▶ [EXERCISE DETAILS] Return, word for word, the lines of the listing below from the one with "رأب الجفن العلوی والسفلی" through the one with "Kem Ngày Lumi", and no other lines.

▶ [DATA UNDER STUDY]
.....

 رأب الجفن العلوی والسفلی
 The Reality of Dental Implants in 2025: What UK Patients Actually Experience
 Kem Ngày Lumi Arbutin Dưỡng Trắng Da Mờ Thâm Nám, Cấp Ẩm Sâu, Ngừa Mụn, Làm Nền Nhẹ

.....

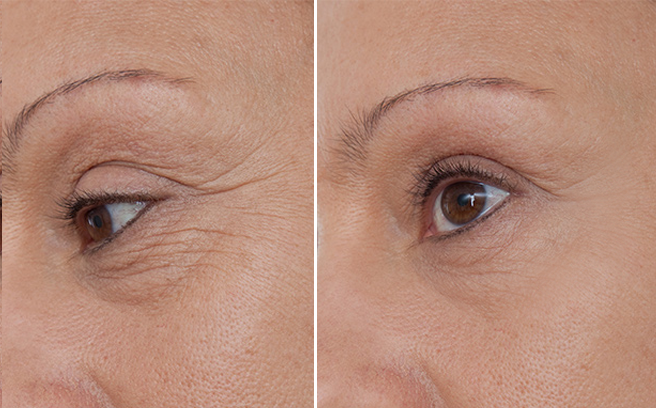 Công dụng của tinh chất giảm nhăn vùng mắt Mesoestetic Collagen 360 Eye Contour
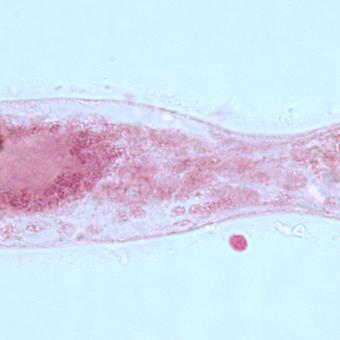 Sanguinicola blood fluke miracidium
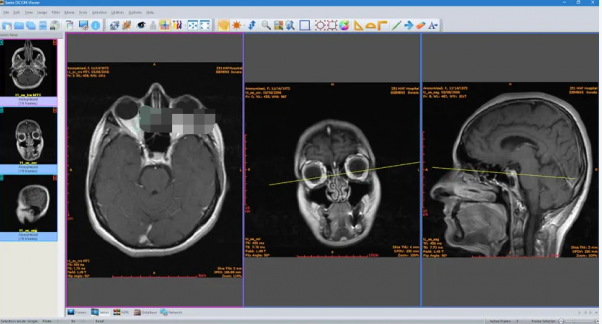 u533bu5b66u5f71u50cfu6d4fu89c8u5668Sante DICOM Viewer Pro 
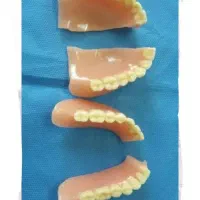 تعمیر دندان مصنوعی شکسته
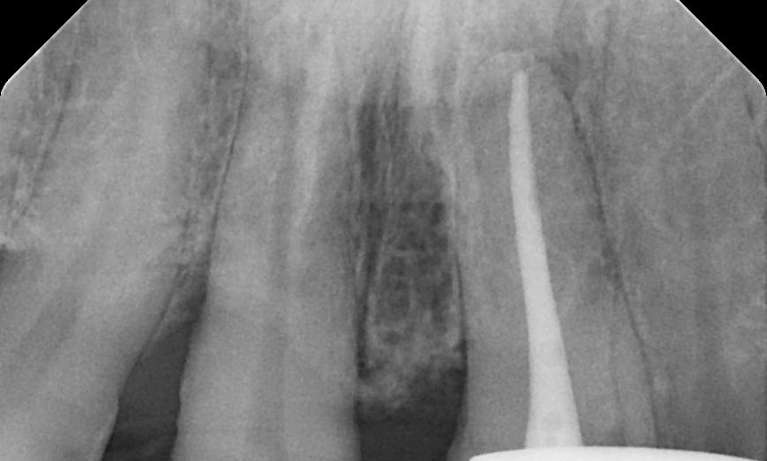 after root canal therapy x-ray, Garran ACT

.....

▶ [ANSWER SPACE]
 رأب الجفن العلوی والسفلی
 The Reality of Dental Implants in 2025: What UK Patients Actually Experience
 Kem Ngày Lumi Arbutin Dưỡng Trắng Da Mờ Thâm Nám, Cấp Ẩm Sâu, Ngừa Mụn, Làm Nền Nhẹ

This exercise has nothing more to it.